58 Der einzige Umstand, den die Klägerinnen hierzu vorgebracht haben, ist die Verunsicherung, die eine von der Ladenkette Carrefour unter ihrem eigenen Namen herausgegebene Werbebroschüre in Verbraucherkreisen hervorgerufen haben soll, in die während der kurzfristigen Zusammenarbeit der beiden Unternehmen der Inhalt der von der Beschwerdeführerin veröffentlichten Werbebroschüre übernommen worden sei.

59 Selbst wenn eine solche Vorgehensweise einer Vermarktungstätigkeit nahekommen mag, die nicht zur Tätigkeit eines Vermittlers gehört, ist die Kommission doch im vorliegenden Fall zu Recht davon ausgegangen, daß eine solche Verunsicherung nur aufgrund der Titelseite der Broschüre hätte entstehen können und daß zumindest auf den Innenseiten die eigentliche Tätigkeit der Beschwerdeführerin klar angegeben war.

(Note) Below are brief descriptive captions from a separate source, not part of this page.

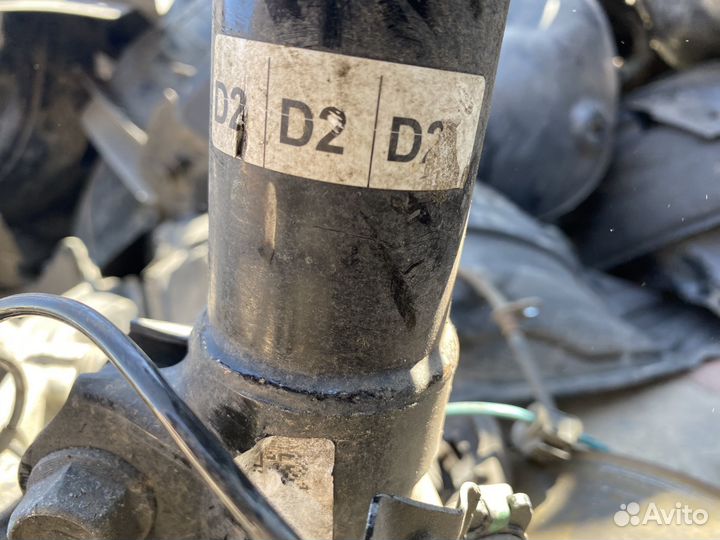 Стойка кулак диск Toyota corolla E210 передняя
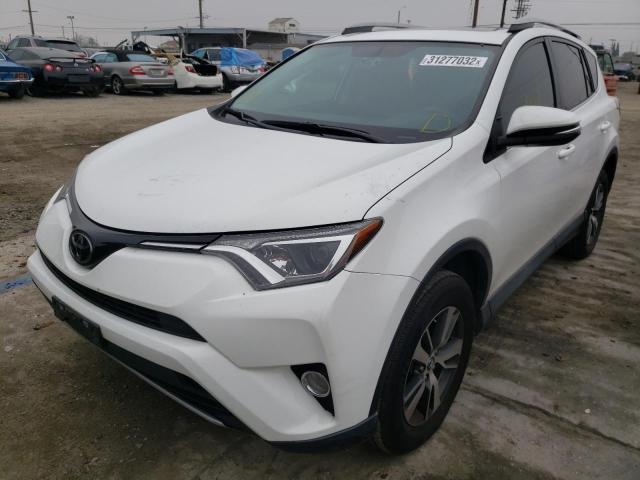 Photo 1 VIN: 2T3WFREV9JW411833 - TOYOTA RAV4 ADVEN 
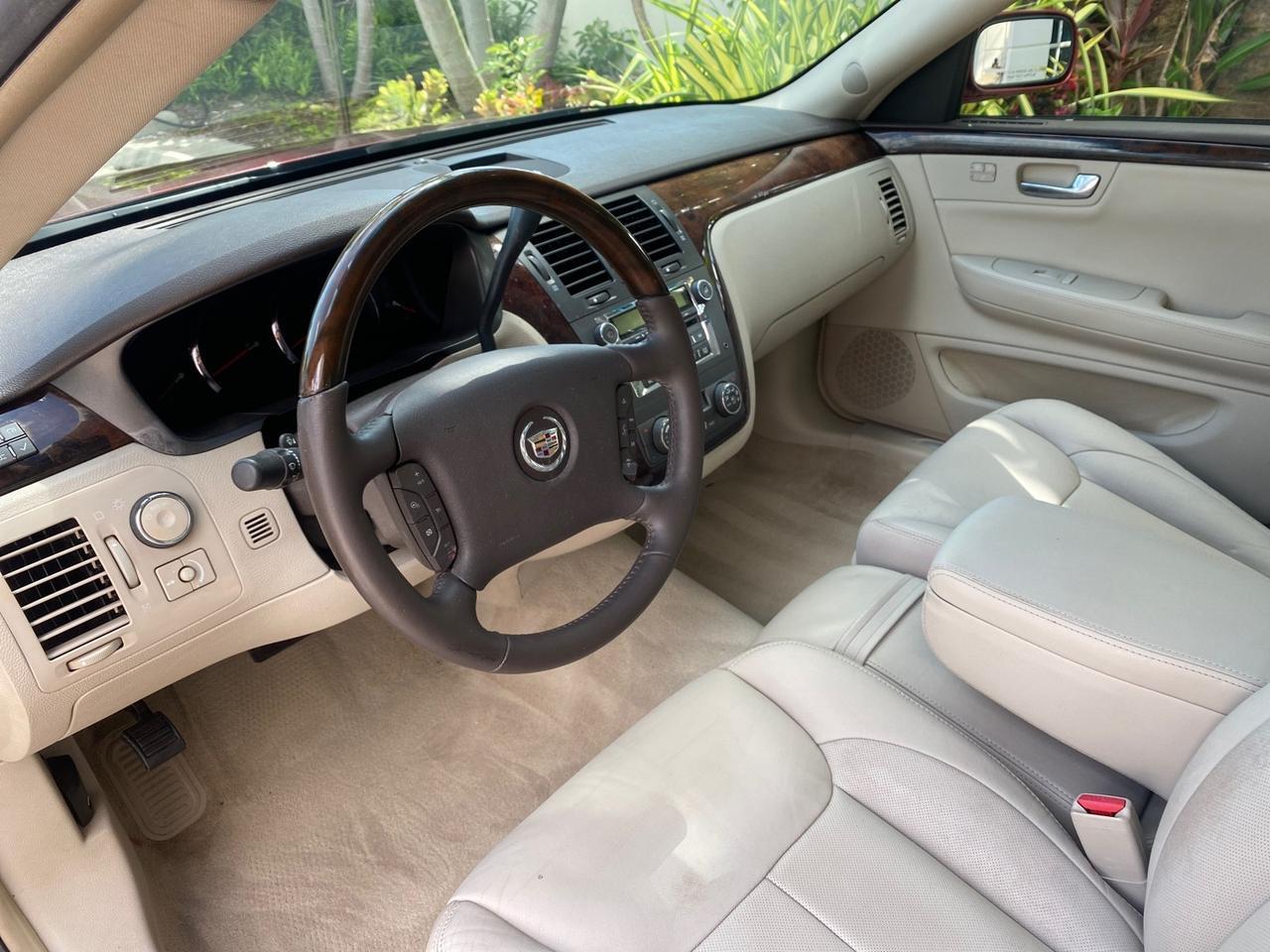 2011 Cadillac DTS LOW MILES 66,888 1 OWNER Pompano Beach FL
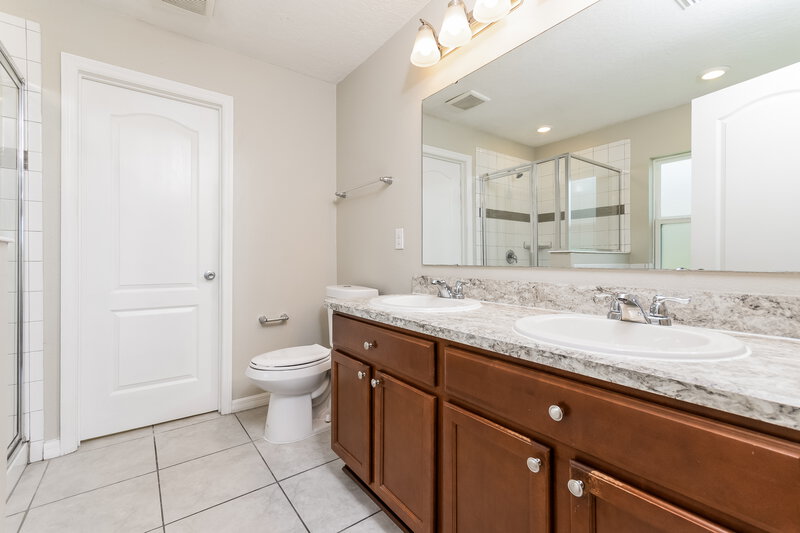 1,830/Mo, 295 Lake Lucerne Way Winter Haven, FL 33881 Main Bathroom View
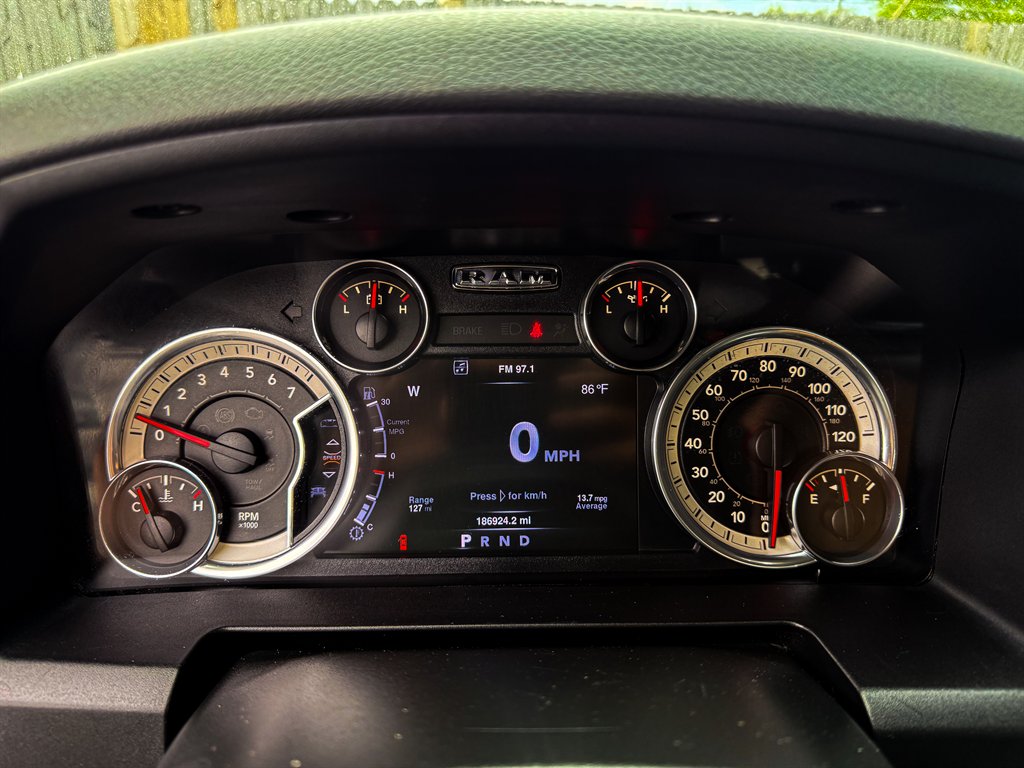 2016 RAM 1500 SLT photo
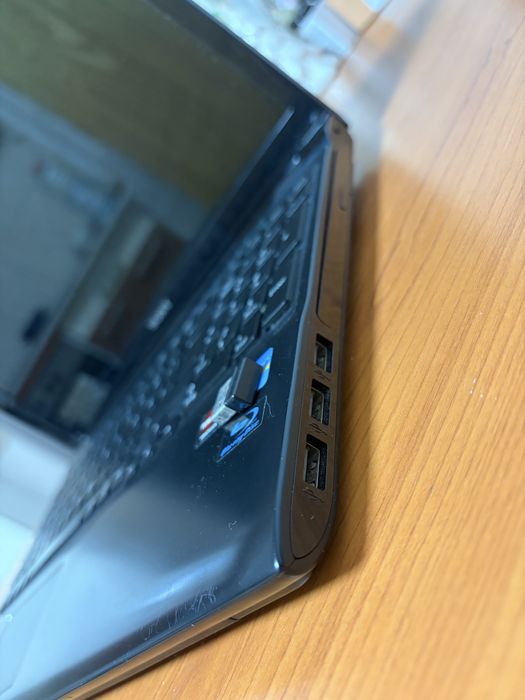 Laptop Sony SVE151E11M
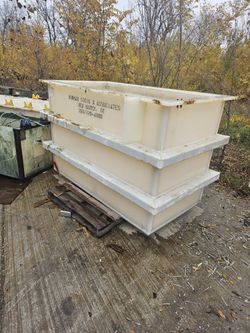 4 Polyproilene Plastic Container 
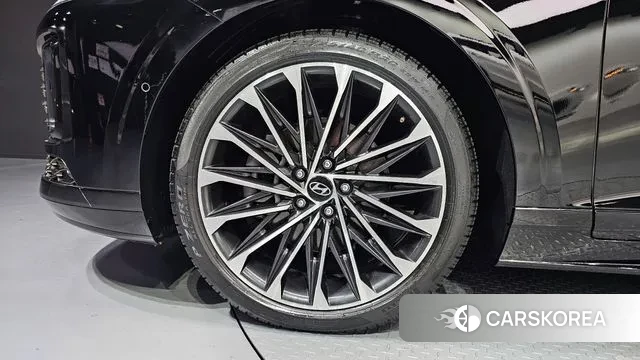 Hyundai Grandeur (GN7) id 3581192 из Кореи 15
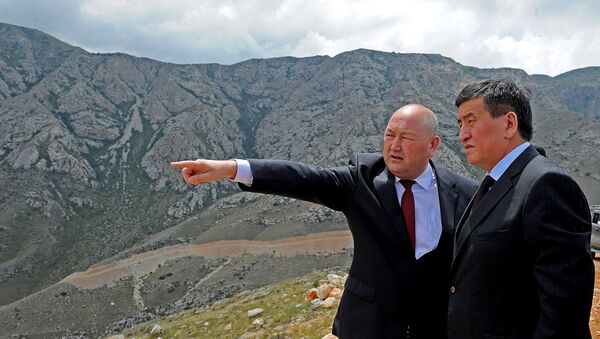 Премьер-министр Сооронбай Жээнбеков Баткенге жасаган иш сапарында - Sputnik Кыргызстан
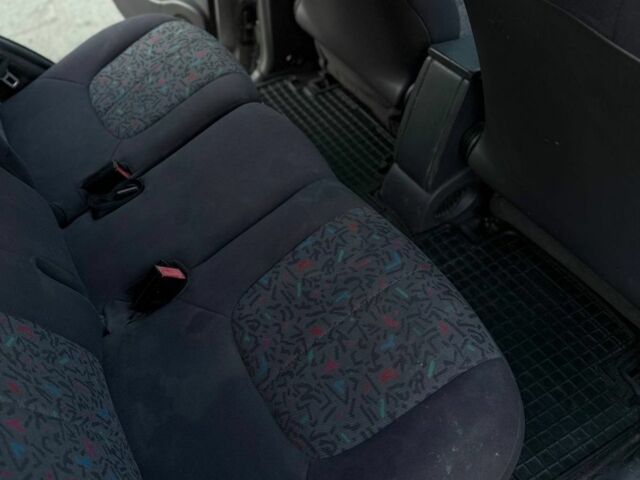 Серый Мерседес А класс, объемом двигателя 1.6 л и пробегом 260 тыс. км за 2300 $, фото 7 на Automoto.ua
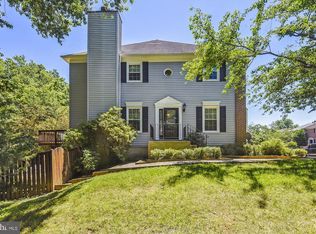 7111 Lake Cove Dr, Alexandria, VA 22315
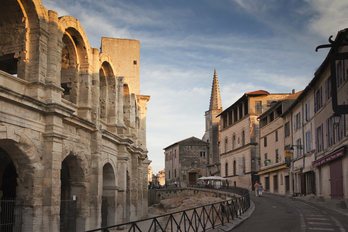 Plaza del centro de Arles. (GETTY IMAGES)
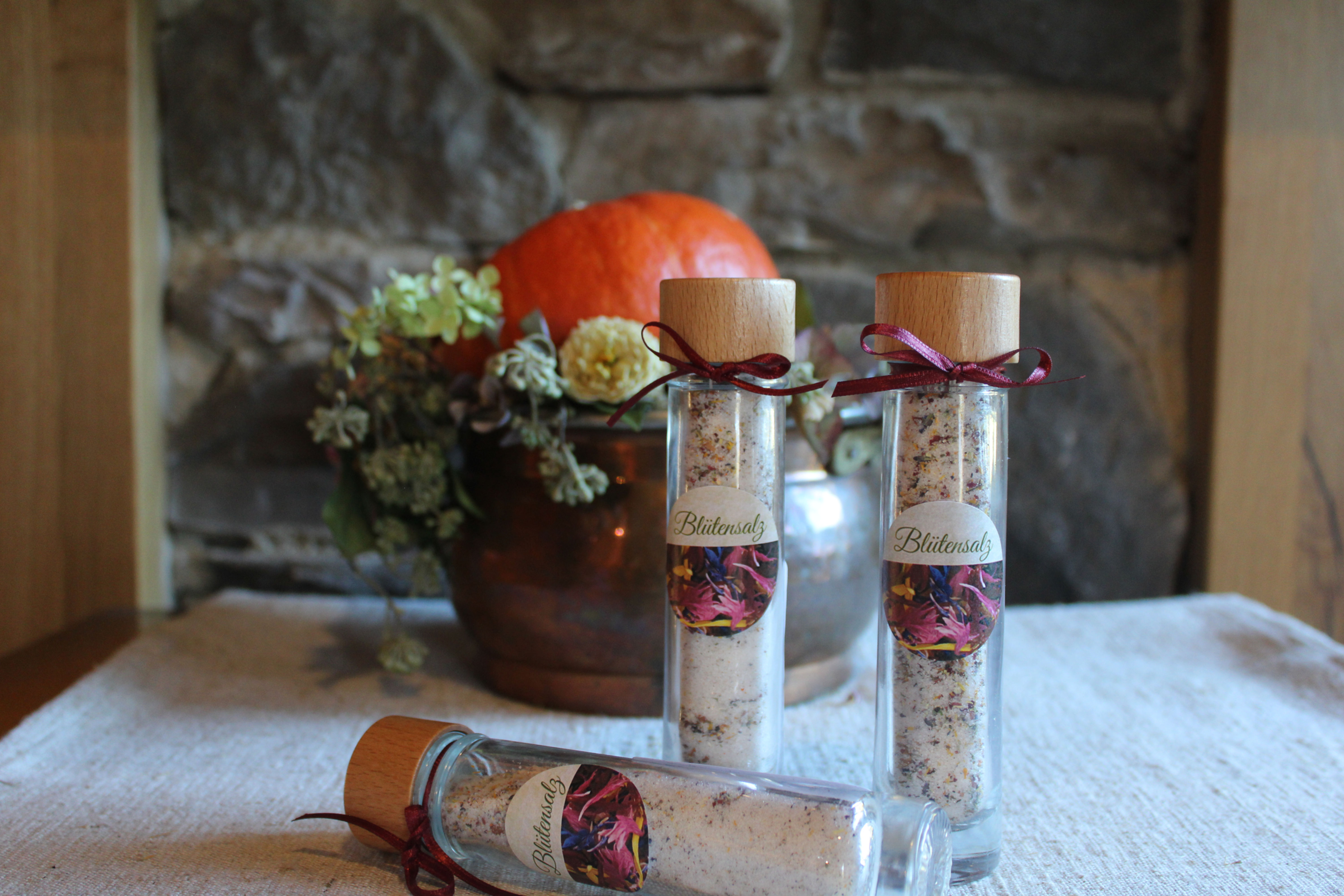 Drei kleine Gläser mit Kräuter-Badesalz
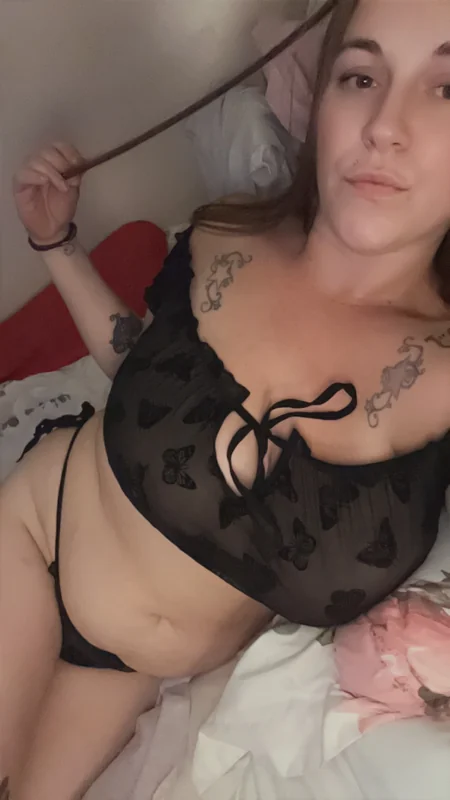 LuvJuggs OnlyFans Creator LuvJuggs OnlyFans brunette curvy creator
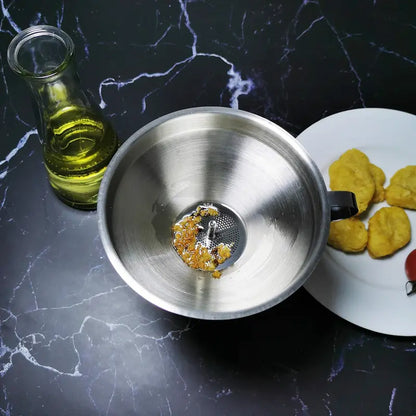 Funnel for Filling Bottles, 5 Inch Food Grade Stainless Steel Kitchen Funnel with 200 Mesh Filter Strainer🔥
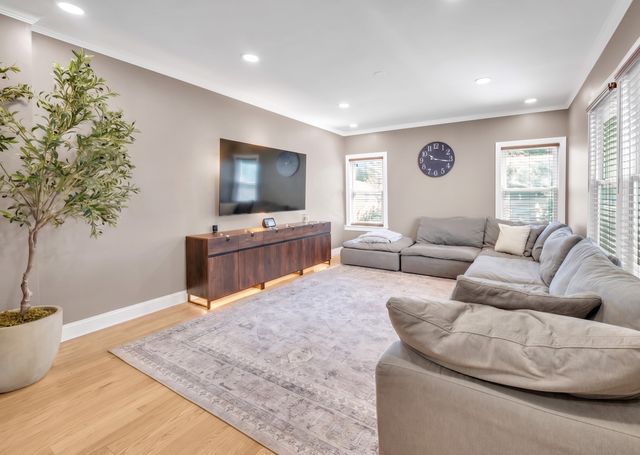 524 Highland Avenue, Oak Park, IL 60304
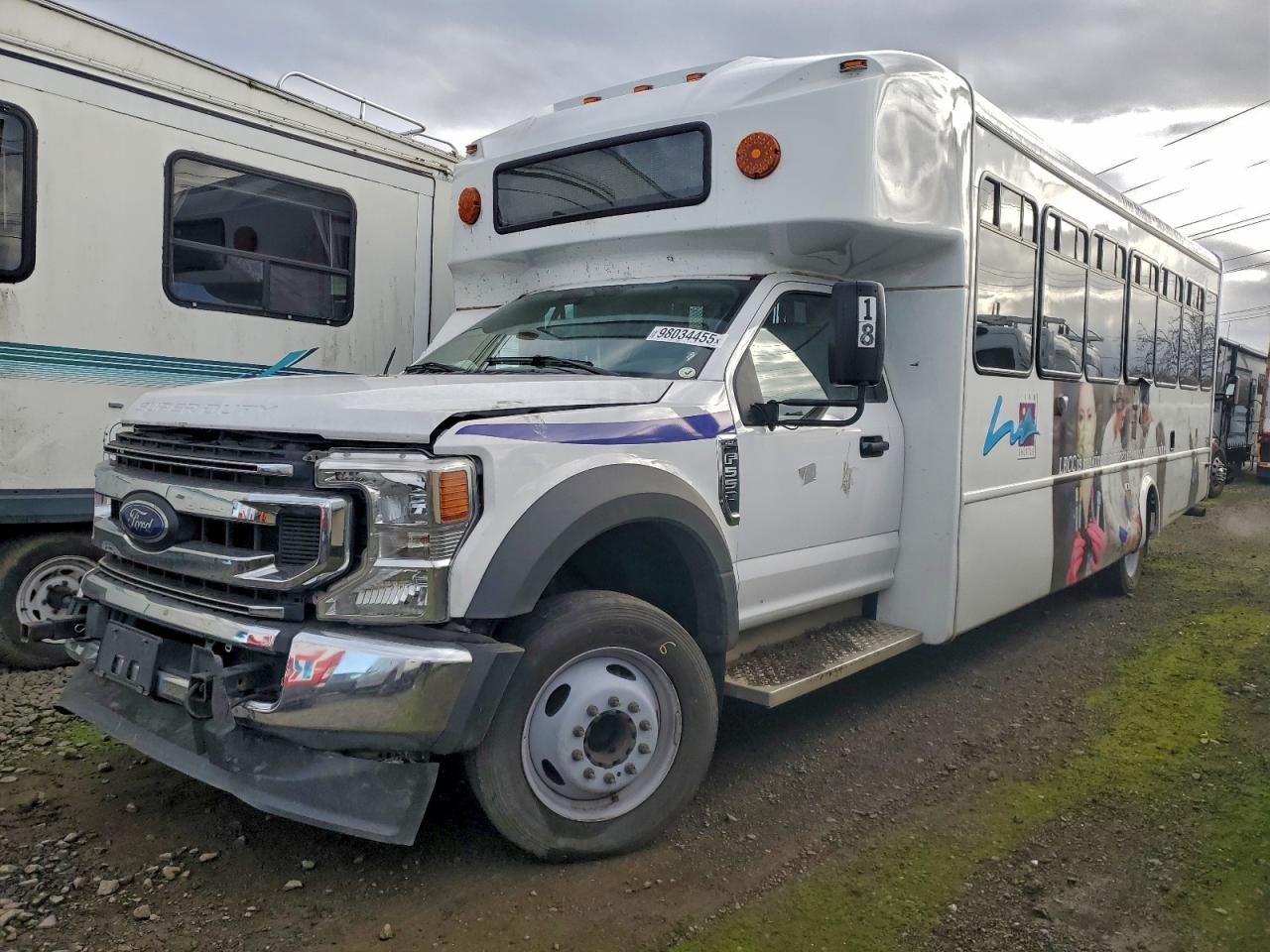 Ford F-550 Super Duty Image 2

Die Reaktion der Klägerinnen ist daher zu Recht als offensichtlich unverhältnismässig eingestuft worden, da punktülle Maßnahmen ausgereicht hätten, um die Verteilung dieser Broschüre zu unterbinden, und es der Versendung des streitigen Rundschreibens nicht bedurft hätte.

60 Demgemäß ist festzustellen, daß die Beschwerdeführerin den Rahmen der ihr von Endverbrauchern übertragenen schriftlichen Vermittlungsaufträge nicht überschritten und daher nicht gegen Artikel 3 Nr. 11 der Verordnung Nr. 123/85, der die Voraussetzungen für das Tätigwerden des Vermittlers festlegt, verstossen hat.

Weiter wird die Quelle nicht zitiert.